Fabrication of heterojunction retina

The process involved in fabricating planar-type ionogel heterojunction retina is schematically shown in Supplementary Fig. 13a. First, the ionogel precursor ink was injected into a customized PTFE mould, which had a flat groove measuring 20 × 20 mm, and was then covered with a flat plate. Next, the 1 mm thickness gel membrane was obtained by exposing it to UV light (365 nm, 10 W) for a duration of 2 min. To create the junction retina, the synthetic membrane was masked using a square hole array consisting of 5 × 5 holes, each measuring 1 × 1 mm. Subsequently, another ink doped with PPy-NPs was injected into each hole and exposed to UV light (365 nm, 10 W) for an additional 4 min. After removing the mask, a pillarforest was achieved on the top of membrane, with each pixel measuring 1 × 1 mm. Finally, copper wire electrodes were attached to both the membrane and the array, followed by welding of conductive silver paste (Ag paste) at their contact points and drying at 60 °C. Similarly, a hemispherical-type heterojunction retina was fabricated by replacing the PTFE mould with a 22 mm-diameter hemispherical polydimethylsiloxane (PDMS) mould. As shown in Supplementary Fig. 13b, a 20 mm-diameter hemispherical glass sphere was implanted into the PDMS mould with a 1 mm gap between the sphere and the mould. Then 800 μL ionogel ink was poured into the mould and irradiated under UV light (365 nm, 10 W) for 2 min to obtain hemispherical ionogel. By radially stretching the ionogel, we can transfer it onto a PET film, and leave it stuck to the PET through van der Waals interactions. Then repetition of the pillarforest fabrication process can generate the planar array after, and finally produce hemispherical retina after releasing the elastomer to relax back to its initial shape.

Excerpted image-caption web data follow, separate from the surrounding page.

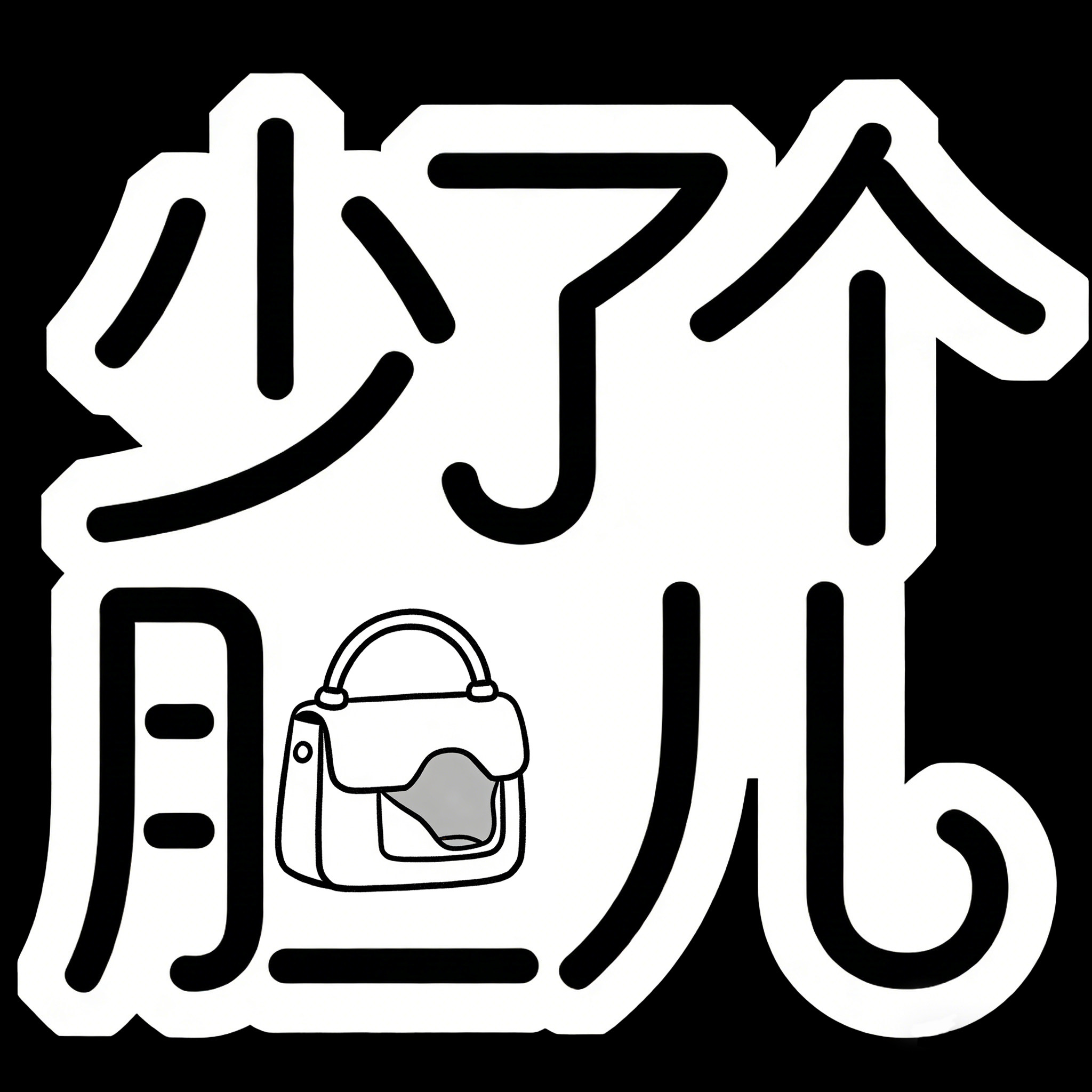 少了个胆儿包包内胆的LOGO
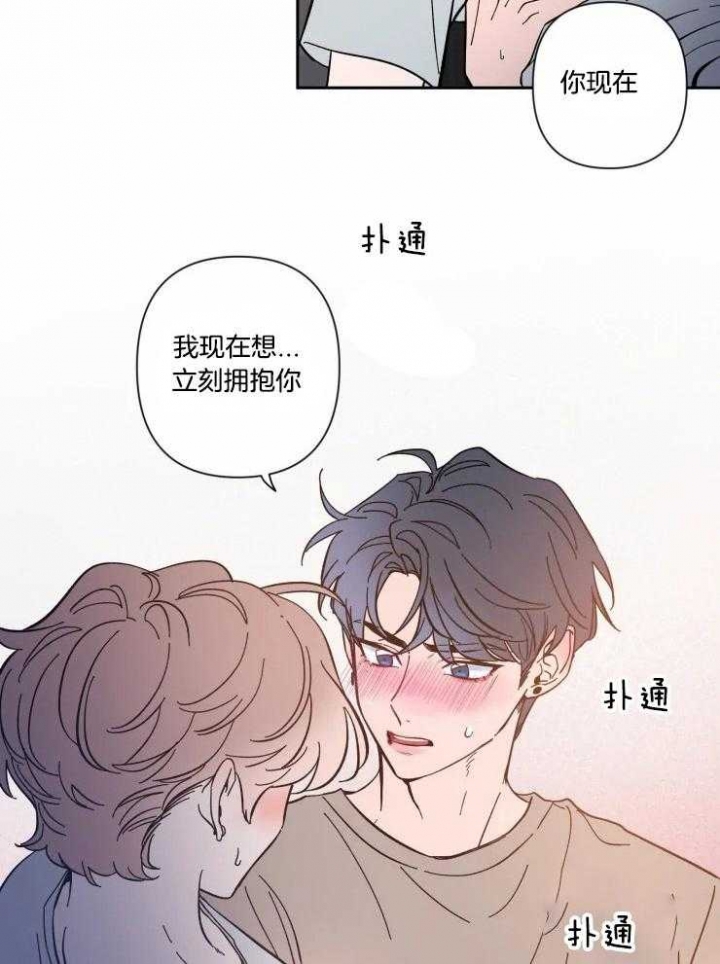 《素描》漫画最新章节第45话免费下拉式在线观看章节第【13】张图片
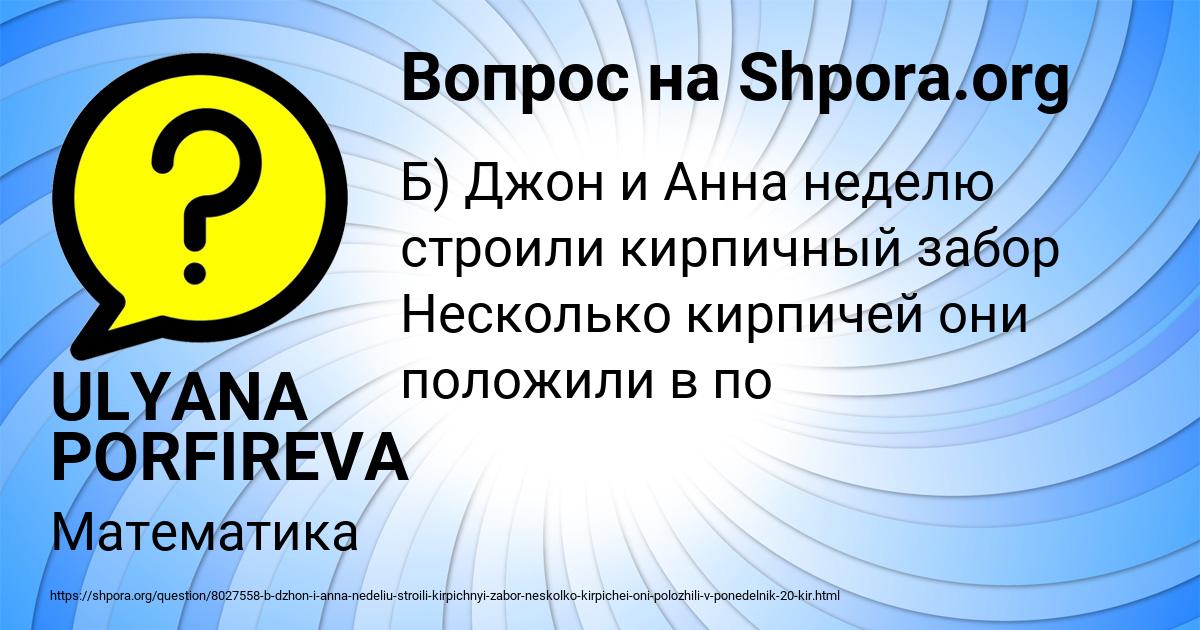 Картинка с текстом вопроса от пользователя ULYANA PORFIREVA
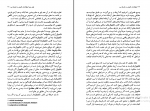 دانلود پی دی اف اصطلاحات کلیدی در فلسفه دین حسن احمدی زاده 213 صفحه PDF-1
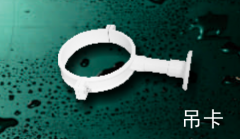 保利   PVC-U排水管件系列   吊卡110mm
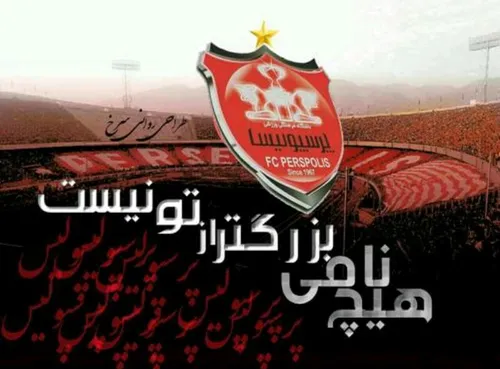 برد رو به عشقپولیسیا تبریک میگم😻 😻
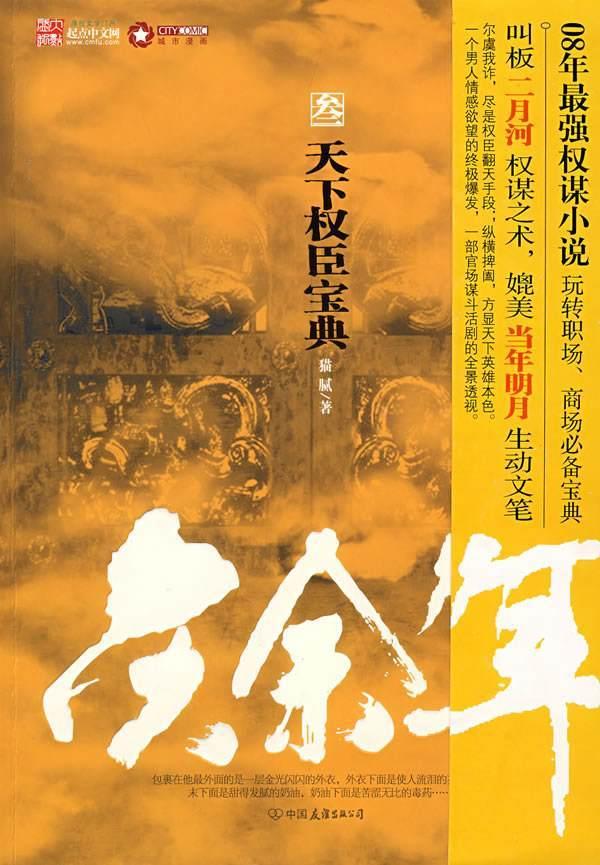 繁华启幕,全城共鉴!幸福赢行事业说明会长沙站成功举办!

Material and optoelectronic device characterization

The morphologies of PPy-NPs were characterized by field emission scanning electron microscope (JSM-7800F) at an operating voltage of 10 kV. The UV-vis-NIR absorption spectra of ionogels were recorded using a PE UV-1750 spectrophotometer. UV-vis-NIR absorption of ionogel-Ag junction was measured with a PE Lambda 950 spectrophotometer. The tensile properties were tested by a tensile-compressive tester (MDW-500 N) with a strain rate of 60 mm min−1. All photoelectrical measurements were carried out through a Keithley 4200 semiconductor parameter analyzer. The light pulses with tunable wavelengths, intensities, and frequencies came from a LED driver (THORLABS, DC2200 Terminal). A series of LED sources covering wavelengths from UV, visible, and NIR (THORLABS, M365L3, M455L4, M530L4, M590L4, M680L4) were utilized. All thermal images were taken by using an infrared camera (FLIR Ti100). The optical power density is measured by an optical power meter (CEL-NP2000). A The light source system was housed in the Keithley 4200 semiconductor shielding box to prevent interference from external light signals. All electrical and optical measurements were conducted under atmospheric pressure and at room temperature.

Visualization system

The experimental visualization setup includes a transimpedance amplifier (TIA), a Beijing Altech USB5631-D data acquisition card, a multi-circuit power supply, a laptop computer, and a Labview program. Supplementary Fig. 14 provides a schematic of the system. The power supply in this setup is utilized exclusively for operating the TIA and data acquisition card, while an external power source projects optical pattern onto the array by illuminating a mask with light. A 5 × 5 array of device is integrated with a custom printed circuit board (PCB). The data from the 25 pixels is transmitted through the PCB to the TIA for current amplification. The amplified signal is then captured by the data acquisition card and relayed to the computer for visualization. The operation of the data acquisition card and the visualization of the data are managed using Labview software.